Les difficultés sont énormes. "Ils ont tout perdu. Les maisons, les récoltes. Il n’y a plus d’électricité, plus d’eau, plus rien. Ça ne va pas s'arranger tout de suite", s’inquiète-t-elle. "Ils m’ont dit qu’ils n’ont plus rien à manger. Les gens sont désespérés".

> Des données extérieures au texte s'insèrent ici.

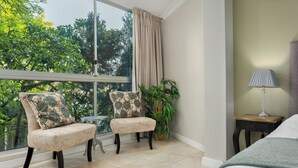 A room with a large window, a chair with floral upholstery, a small table, a potted plant, and a bedside lamp. - Sonwyk 9 (Cape Town)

"Nous devons agir, il y a urgence"
Abdel, lui aussi, vit dans l’inquiétude permanente depuis le passage du cyclone. "Ma famille vit à Mayotte : mes parents, mes frères et sœurs, mes grands-parents. Trois jours avant le cyclone, on nous avait avertis, mais comme chaque année, on pensait que ce serait une fausse alerte. Mais cette fois, c’était réel", explique-t-il. Comme pour beaucoup d’autres, la coupure du réseau a été un véritable choc. "J’ai essayé d’appeler tous les cinq minutes, mais ça sonnait dans le vide. Ma nièce a réussi à avoir du réseau en ville. Elle m’a rassuré, mais je n’ai eu des nouvelles de ma mère que quatre jours après", raconte Abdel, visiblement encore marqué par l’angoisse. "C’était l’angoisse totale, je ne savais pas ce qu’il se passait. J’ai prié, j’ai vérifié chaque notification, chaque appel. Je ne pouvais pas joindre ma propre mère".
Aujourd’hui, il reste encore beaucoup d’incertitudes. "Le plus dur, c’est que Mayotte dépend de ses récoltes. Le cyclone a tout détruit : les bananiers, les pieds de manioc, les maisons. Il ne reste plus rien. Et l’aide internationale tarde à arriver. Le rétablissement du courant, c’est prévu pour début janvier, mais comment vont-ils tenir jusque-là ? Il n'y a plus d’eau, plus de nourriture. Le temps presse", alerte-t-il.
Une solidarité sans faille
Face à la crise, une chaîne de solidarité s’est créée au sein de la communauté mahoraise de Clermont-Ferrand. Rachidi, un autre membre de la communauté, raconte : "On a créé un groupe WhatsApp pour échanger des informations sur la situation dans les villages où vivent nos familles. Avant, c’était pour avoir des nouvelles. Aujourd’hui, c’est pour organiser la solidarité et savoir ce dont ils ont besoin." Plus de 300 personnes sont désormais réunies dans ce groupe, et cela ne cesse de croître.
"Les Mahorais de Clermont-Ferrand se battent ensemble pour leur île. Ils sont unis et déterminés à apporter leur aide. Chaque jour, l’élan de solidarité prend de l’ampleur", conclut Noukia. "On est en contact avec trois transitaires pour envoyer les dons par conteneurs. La Croix-Rouge et d’autres ONG nous accompagnent pour l’acheminement", précise-t-elle. Mais au-delà des biens matériels, c’est aussi un message fort que Noukia et les membres de l’association souhaitent transmettre à leurs proches sur l’île : "Ils voient cette solidarité, ils voient qu’on ne les oublie pas. Et c’est vital pour eux, psychologiquement. Ils se battent contre la misère et la détresse, mais savoir qu’on pense à eux, que l’on est là pour eux, ça leur donne de l’espoir". Si le chemin reste semé d’embûches, Mayotte, bien que dévastée, peut compter sur ses enfants de l’extérieur pour l’aider à se relever.